Are Neural Networks too long? Top Tips to Make them Smaller

Losing sleep over too long neural networks? look at these tips to make them smaller.

The first and most popular method for deep neural networks is to train neural networks that are lightweight by design. A good example of this is MobileNet by Google. MobileNet’s architecture only features 4.2 million parameters while achieving a 70% accuracy on ImageNet. This compression maintains reasonable performance and is achieved by the introduction of depthwise convolution layers which help reduce model size and complexity.

A modern approach to reducing generalization error is to use a larger model that may be required to use regularization during training that keeps the weights of the model small. These techniques not only reduce overfitting but can also lead to faster optimization of the model and better overall performance.

Tips for Training Deep Neural Networks

Before you start building your network architecture, the first thing you need to do is to verify your input data into the network if an input (x) corresponds to a label (y). In case of dense prediction, make sure that the ground-truth label (y) is properly encoded to label indexes (or one-hot encoding). If not, the training won’t work.
Always use normalization layers in your network. If you train the network with a large batch size (say 10 or more), use the BatchNormalization layer. Otherwise, if you train with a small batch size (say 1), use the InstanceNormalization layer instead. Note that major authors found out that BatchNormalization gives performance improvements if they increase the batch size and it downgrades the performance when the batch size is small. However, InstanceNormalization gives slight performance improvements if they use a small batch size. Or you may also try GroupNormalization.
Another regularization technique is to constraint or bound your network weights. This can also help prevent the gradient explosion problem in your network since the weights are always bounded. In contrast to L2 regularization where you penalize high weights in your loss function, this constraint regularizes your weights directly.
Always shuffle your training data, both before training and during training, in case you don't benefit from temporal data. This may help improve your network performance.
To capture contextual information around objects, use multi-scale features pooling modules. This can further help improve the accuracy and this idea is successfully used in semantic segmentation or foreground segmentation.
Opt-out void labels (or ambiguous regions) from your loss or accuracy computation if any. This can help your network to be more confident in the prediction.

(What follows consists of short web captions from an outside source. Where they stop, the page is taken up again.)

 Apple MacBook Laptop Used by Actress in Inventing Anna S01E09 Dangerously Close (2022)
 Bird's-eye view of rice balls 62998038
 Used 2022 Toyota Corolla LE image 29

Intuitions Behind Network Pruning

Pruning is a simple, intuitive algorithm. There are many variants, but the basic idea works on any neural network.

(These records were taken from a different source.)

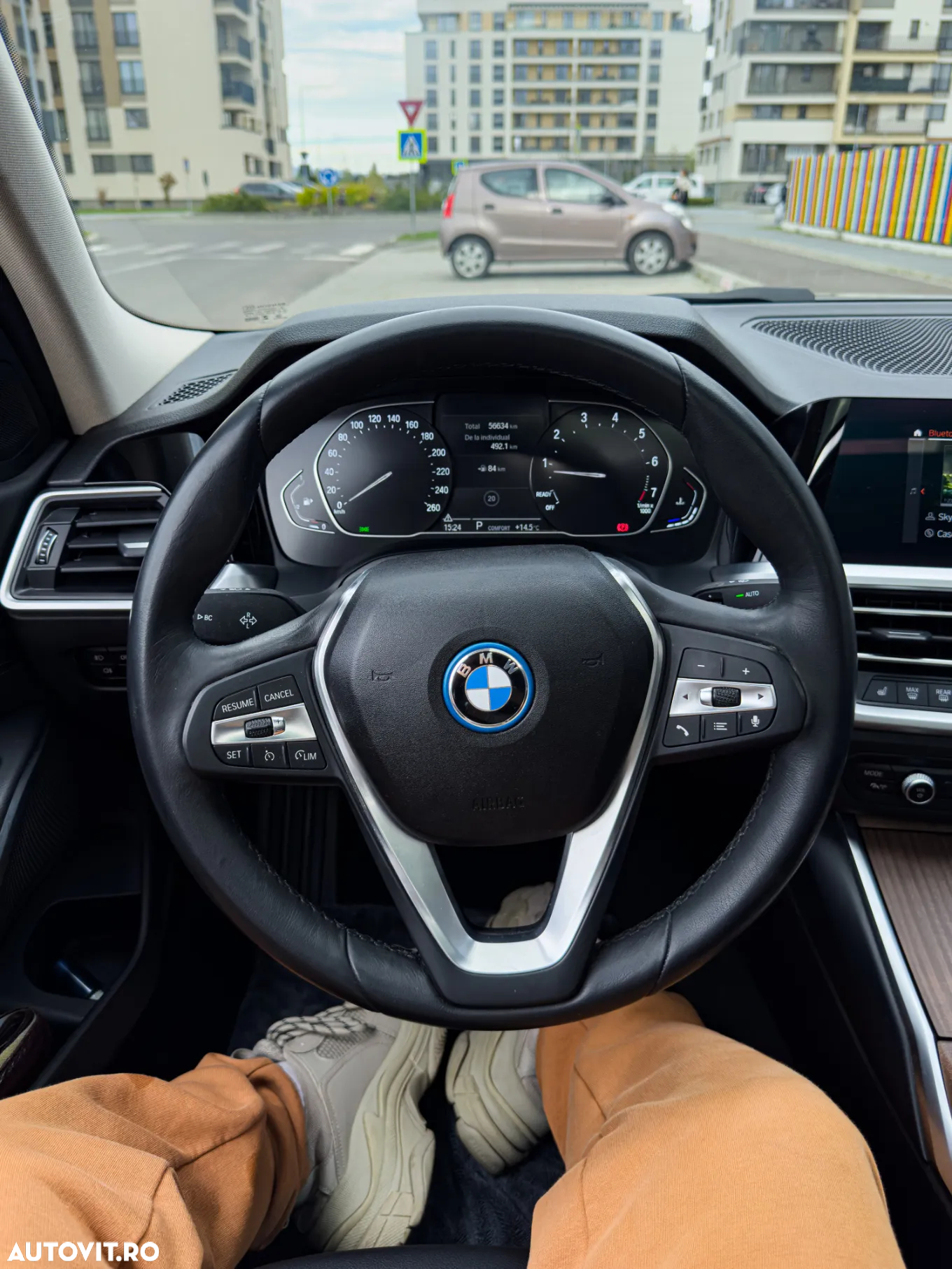 BMW Seria 3 320i AT - 23
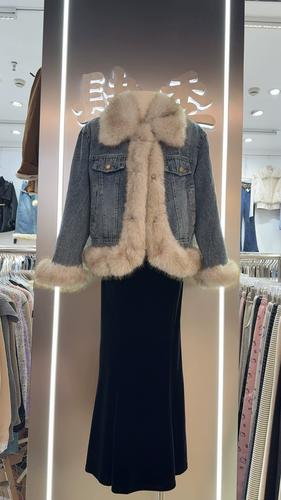 毛毛牛仔外套韩版显瘦吗？-图2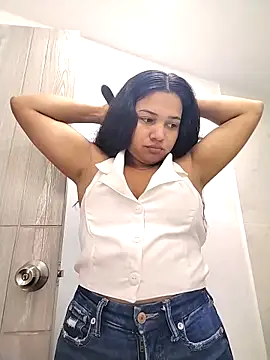 Snapshot of Eimy-04 chatting on 09/09/25, 07:35 Eimy-04 online show from 09/09/25, 07:35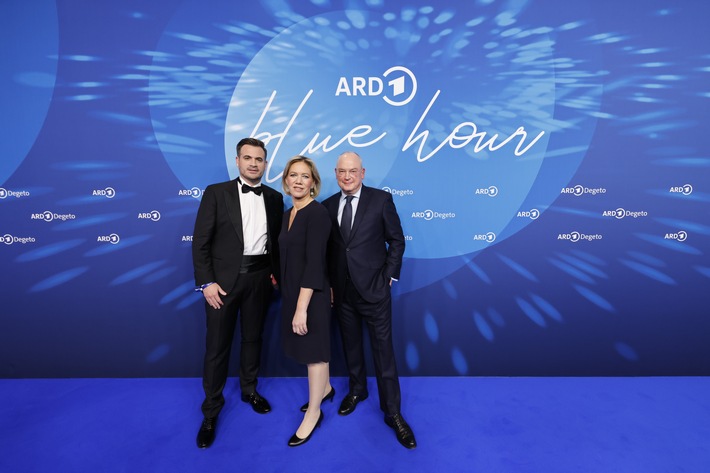 Die ARD BLUE HOUR 2024/Treffen der Stars, Kreativen und Medienvertreter in neuer Location beim ARD-Empfang anlässlich der 74. Berlinale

The first one is weight redundancy. This means that several neurons or filters in the particular case of CNNs will be activated by very similar input values. Consequently, most networks are over-parameterized and we can safely assume that deleting redundant weights won’t harm performance too much.

The second one is that not all weights contribute equally to the output prediction. Instinctively, we can assume that lower magnitude weights will have lower importance to the network, Y. LeCun calls them low saliency weights. Indeed, all things being equal, lower magnitude weights will have a lower effect on the network’s training error.